Pro tip: Pipe a few squiggles of piping consistency icing in the body of the bottle before flooding. Flood with white flood consistency icing while the squiggles are still wet. These squiggles will help to prevent your flood icing from collapsing in the center and creating craters.
If you want definition when piping two colors next to each other, it can be helpful to stop just shy of the edge and without applying pressure to the bag, coax the icing to the edge. You can also use a toothpick or scribe to help guide the icing to the edge.

Step 6: Once the green icing is dry, pipe the bottle tip. Using yellow piping consistency icing, outline the top of the bottle. Then, using flood-consistency yellow icing, fill in the area, using a scribe tool or toothpick to ensure full coverage.
Ensure that all of your flood consistency icing is dry before moving on to the next step. It will take 30-60 minutes to dry.

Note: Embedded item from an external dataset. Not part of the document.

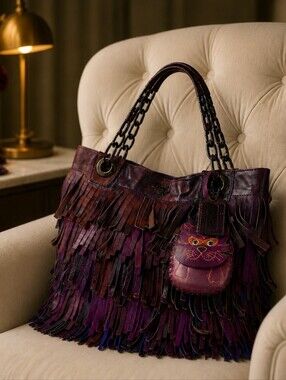 R-A-R-E! COACH LTD ED/XLG/HTF FRINGED LEATHER TOTE.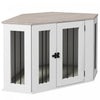 Pawhut Corner Dog Crate Furniture, 41" Dog Crate End Table With Cushion, Door, Lock, Indoor Dog Cage|Pawhut Meuble De Cage Pour Chien, 41po Design D'angle, Porte, Serrure, Cage Pour Chien De Style Mobi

Step 7: Time for detail work! Using white piping consistency icing and a piping bag with a very fine tip, pipe lines on the side of the bottle to denote measurements. This added texture makes the bottle look more realistic and professionally done. Remember that the flood consistency you're piping onto may still be soft, so be careful to not touch it while piping details.

Step 8: With green piping consistency royal icing, add vertical squiggles to the rim of the bottle to create detail in that area.

Step 9: To add a sprig of greenery, use your green piping consistency icing to pipe a small, fine curved line. This will be the stem of the greenery. Using the same fine piping tip, gently pipe leaves, starting at the tips of the leaves and bringing your piping bag inward toward the stem. This will ensure that if you apply too much pressure and end up with fatter leaves, they will be larger at the tips of the leaves and will narrow down to a point toward the stem, which looks more realistic than the alternative.

Perfect for baby showers, these darling cookies offer a sweet way to welcome a little one into the world.